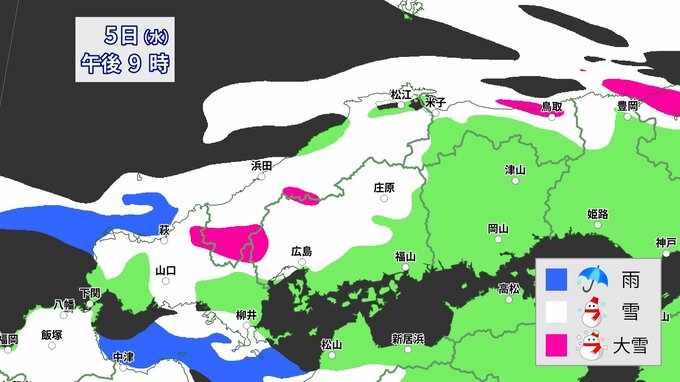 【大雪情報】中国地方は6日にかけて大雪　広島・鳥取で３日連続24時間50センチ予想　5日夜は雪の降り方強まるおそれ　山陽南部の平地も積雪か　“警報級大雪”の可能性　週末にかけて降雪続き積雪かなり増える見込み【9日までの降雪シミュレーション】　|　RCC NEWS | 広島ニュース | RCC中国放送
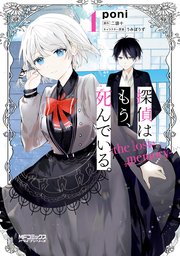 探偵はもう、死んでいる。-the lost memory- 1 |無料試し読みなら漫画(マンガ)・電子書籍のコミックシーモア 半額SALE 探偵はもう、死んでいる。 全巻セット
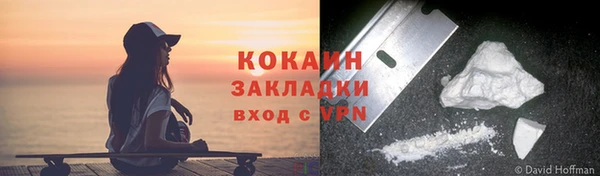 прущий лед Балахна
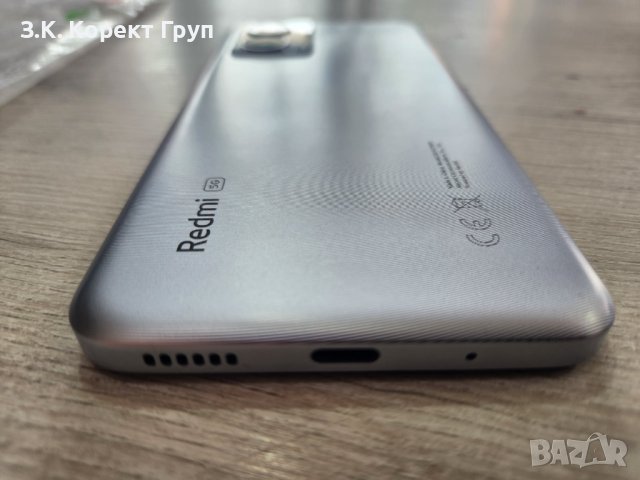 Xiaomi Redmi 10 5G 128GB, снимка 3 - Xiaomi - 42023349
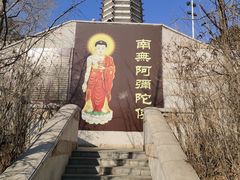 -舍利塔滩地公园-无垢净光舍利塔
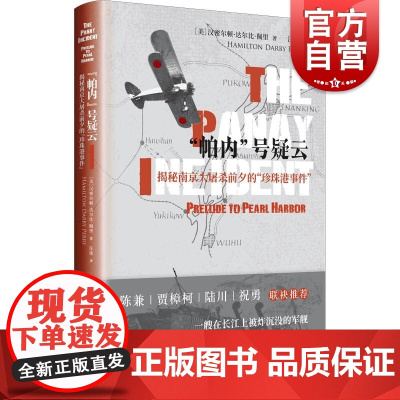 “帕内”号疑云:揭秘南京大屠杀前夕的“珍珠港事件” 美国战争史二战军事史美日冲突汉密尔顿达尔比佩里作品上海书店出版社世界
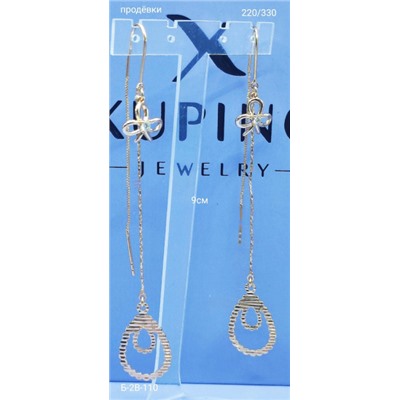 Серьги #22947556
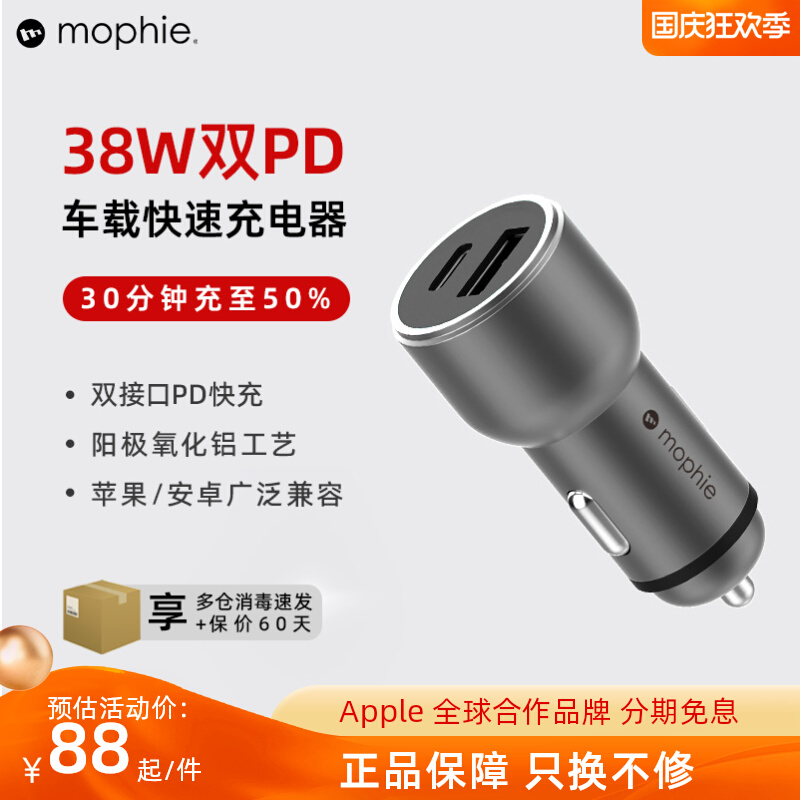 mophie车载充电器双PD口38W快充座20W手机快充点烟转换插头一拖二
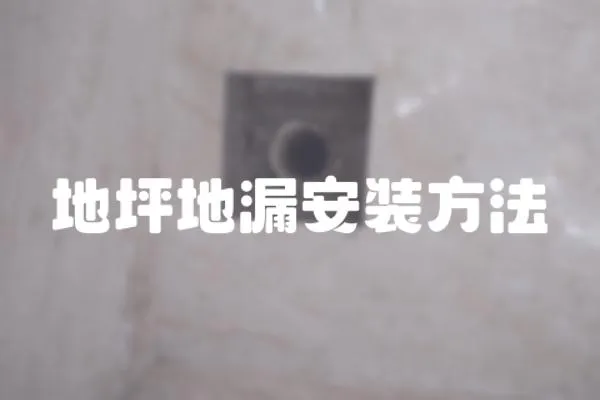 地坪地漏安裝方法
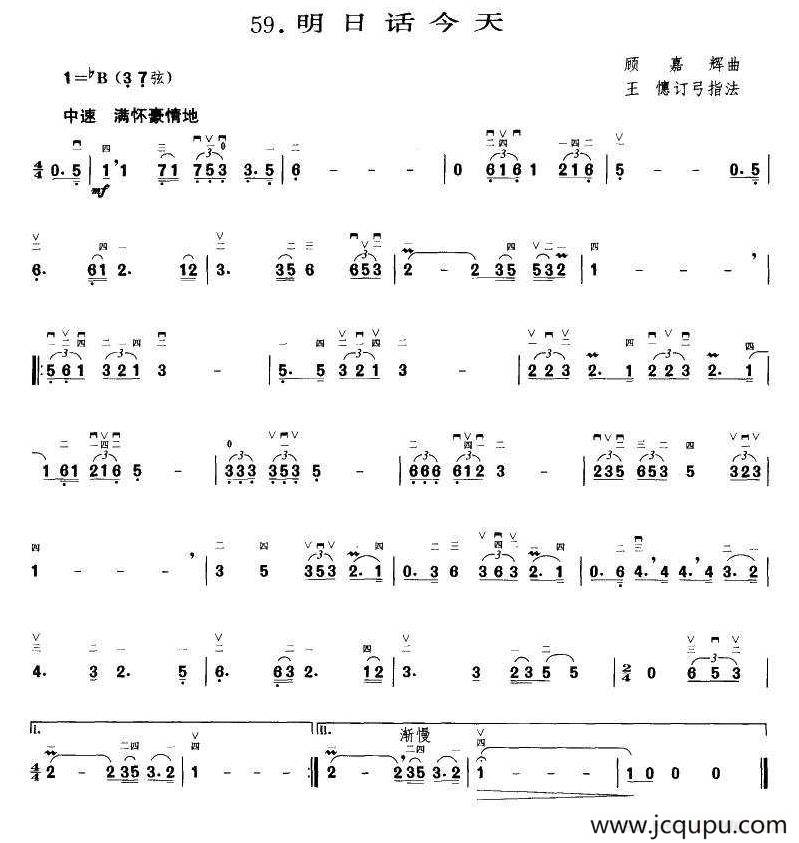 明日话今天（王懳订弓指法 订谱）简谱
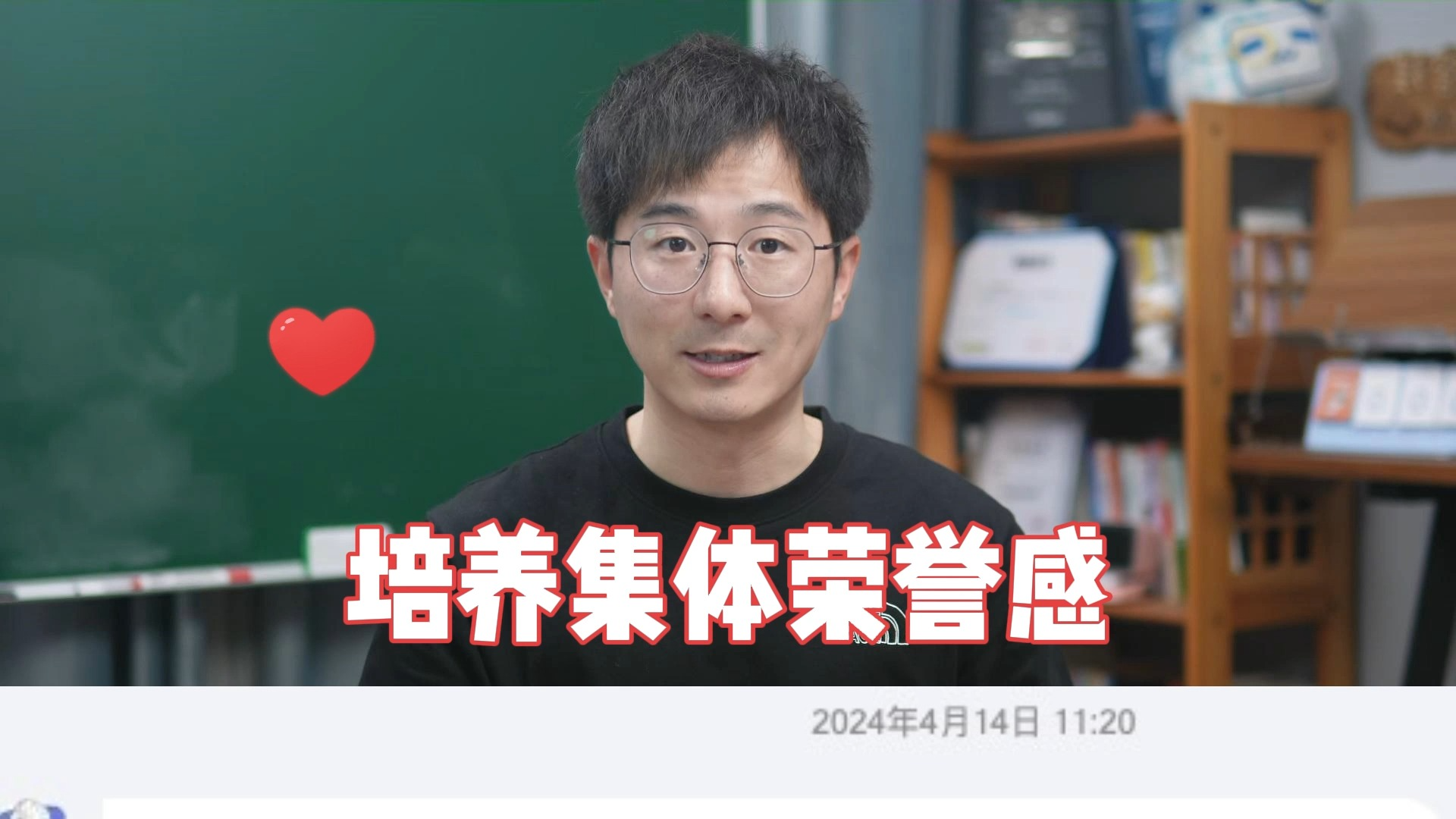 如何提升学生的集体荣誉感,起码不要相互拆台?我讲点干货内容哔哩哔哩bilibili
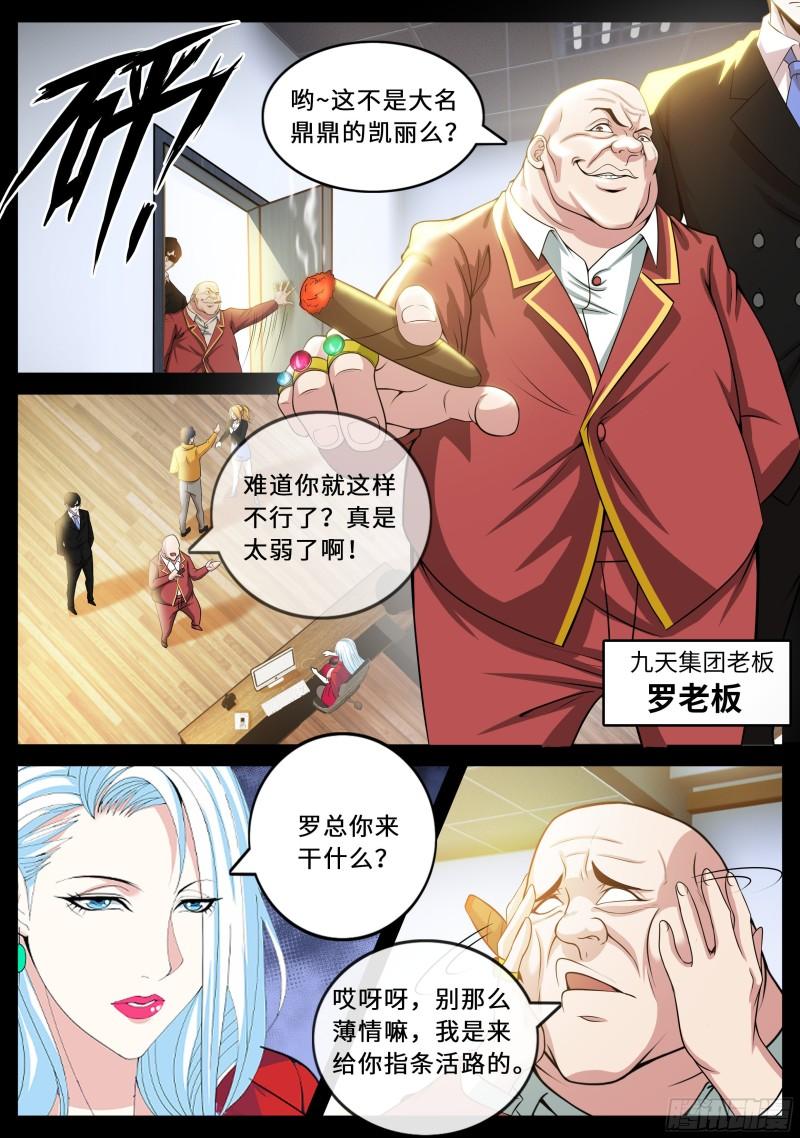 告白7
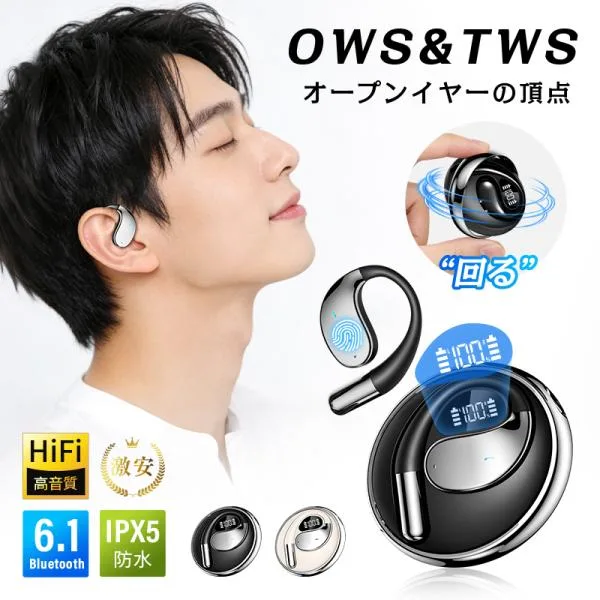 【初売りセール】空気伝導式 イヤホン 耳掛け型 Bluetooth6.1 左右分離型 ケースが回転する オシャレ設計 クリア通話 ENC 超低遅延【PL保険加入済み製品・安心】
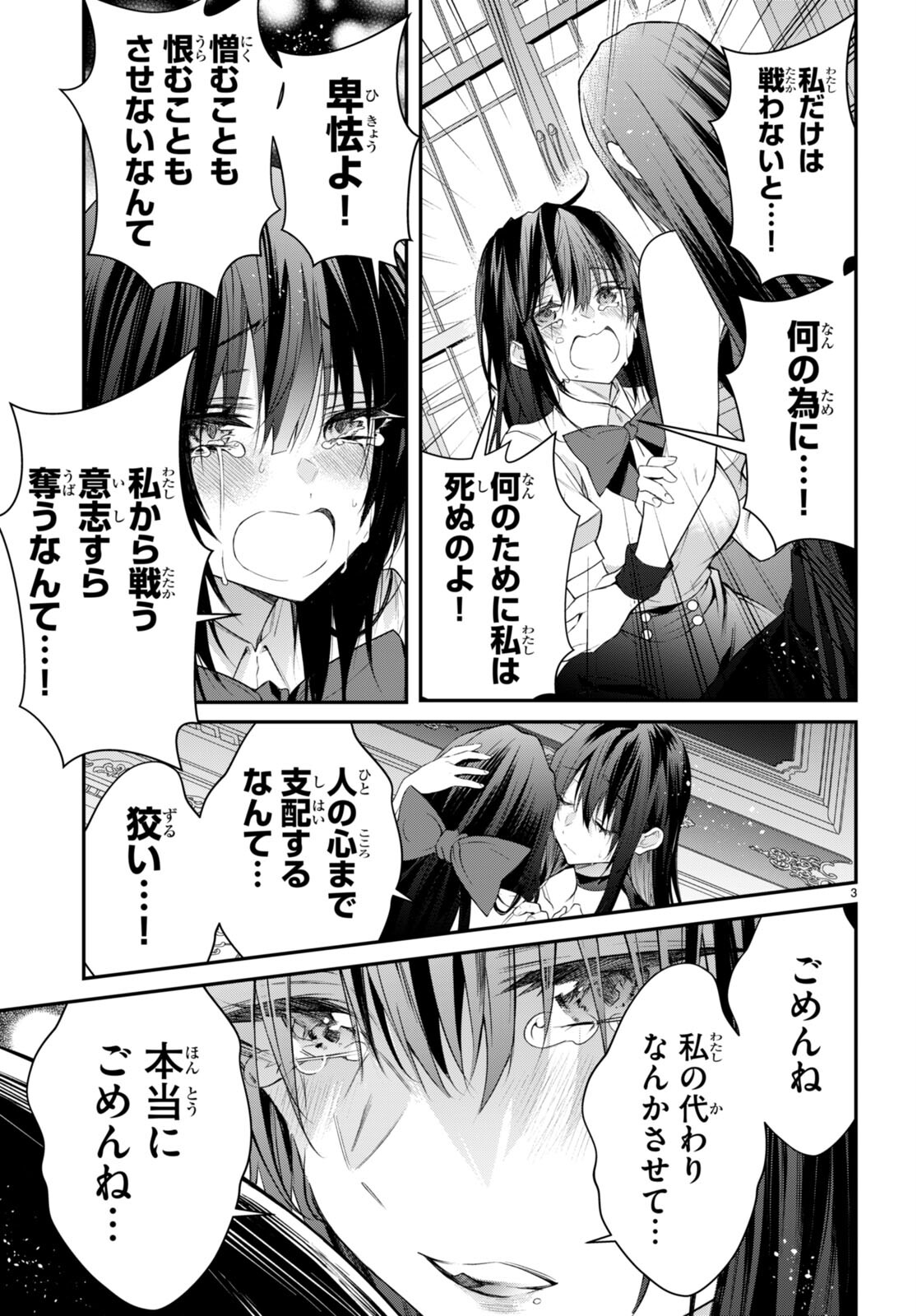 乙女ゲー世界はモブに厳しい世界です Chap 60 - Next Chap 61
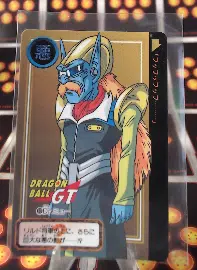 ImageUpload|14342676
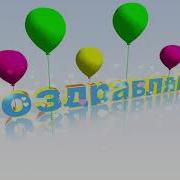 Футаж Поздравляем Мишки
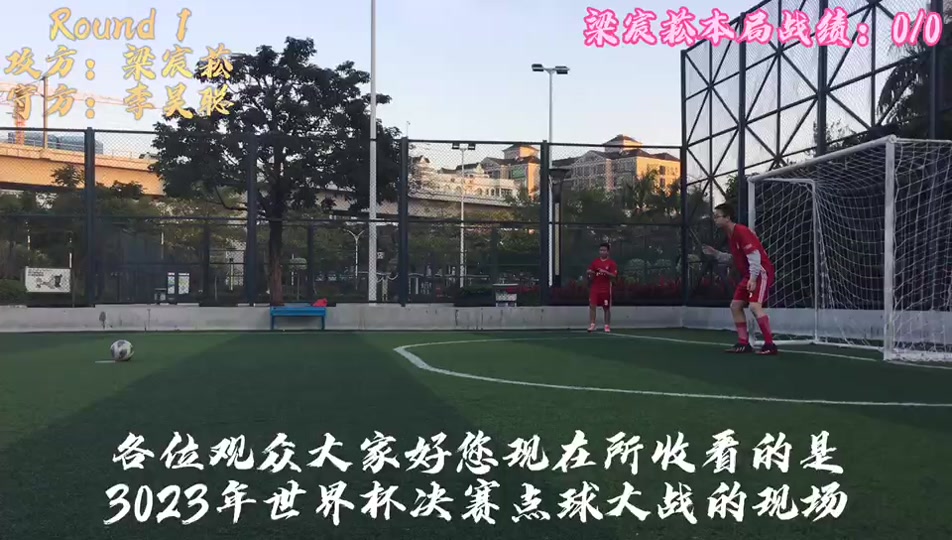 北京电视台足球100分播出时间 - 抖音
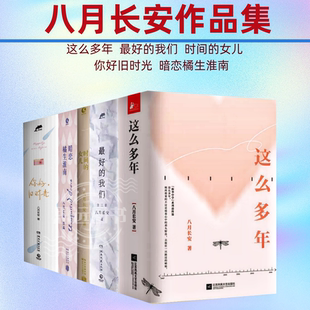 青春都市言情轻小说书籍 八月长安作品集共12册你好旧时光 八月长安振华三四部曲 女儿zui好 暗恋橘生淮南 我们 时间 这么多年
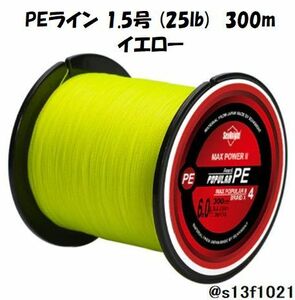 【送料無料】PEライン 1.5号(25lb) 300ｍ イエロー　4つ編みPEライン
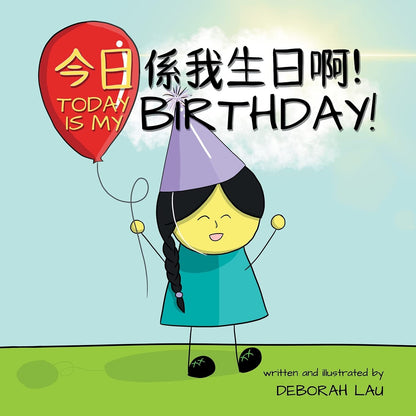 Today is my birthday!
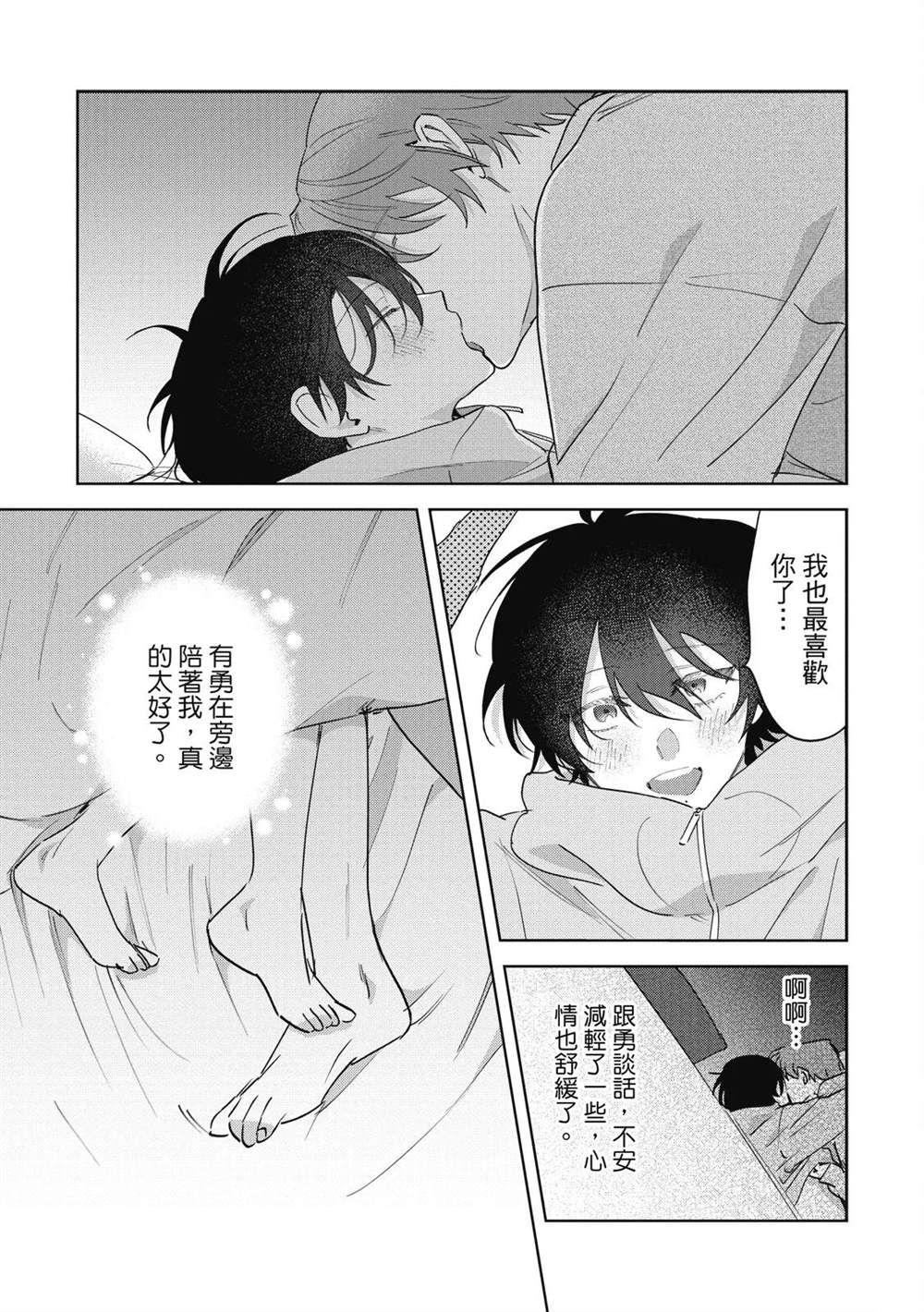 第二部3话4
——————————
▶ What is expected
Transcribe every entry word for word, but skip the pictures.

▶ Solved exercise
 【大雪情報】中国地方は6日にかけて大雪　広島・鳥取で３日連続24時間50センチ予想　5日夜は雪の降り方強まるおそれ　山陽南部の平地も積雪か　“警報級大雪”の可能性　週末にかけて降雪続き積雪かなり増える見込み【9日までの降雪シミュレーション】　|　RCC NEWS | 広島ニュース | RCC中国放送
 探偵はもう、死んでいる。-the lost memory- 1 |無料試し読みなら漫画(マンガ)・電子書籍のコミックシーモア 半額SALE 探偵はもう、死んでいる。 全巻セット
 прущий лед Балахна
 Xiaomi Redmi 10 5G 128GB, снимка 3 - Xiaomi - 42023349
 -舍利塔滩地公园-无垢净光舍利塔
 “帕内”号疑云:揭秘南京大屠杀前夕的“珍珠港事件” 美国战争史二战军事史美日冲突汉密尔顿达尔比佩里作品上海书店出版社世界
 Серьги #22947556
 mophie车载充电器双PD口38W快充座20W手机快充点烟转换插头一拖二
 地坪地漏安裝方法
 明日话今天（王懳订弓指法 订谱）简谱
 如何提升学生的集体荣誉感,起码不要相互拆台?我讲点干货内容哔哩哔哩bilibili
 告白7
 【初売りセール】空気伝導式 イヤホン 耳掛け型 Bluetooth6.1 左右分離型 ケースが回転する オシャレ設計 クリア通話 ENC 超低遅延【PL保険加入済み製品・安心】
 乙女ゲー世界はモブに厳しい世界です Chap 60 - Next Chap 61
 ImageUpload|14342676
 Футаж Поздравляем Мишки
 北京电视台足球100分播出时间 - 抖音
 青春都市言情轻小说书籍 八月长安作品集共12册你好旧时光 八月长安振华三四部曲 女儿zui好 暗恋橘生淮南 我们 时间 这么多年
 【送料無料】PEライン 1.5号(25lb) 300ｍ イエロー　4つ編みPEライン
 Today is my birthday!
 第二部3话4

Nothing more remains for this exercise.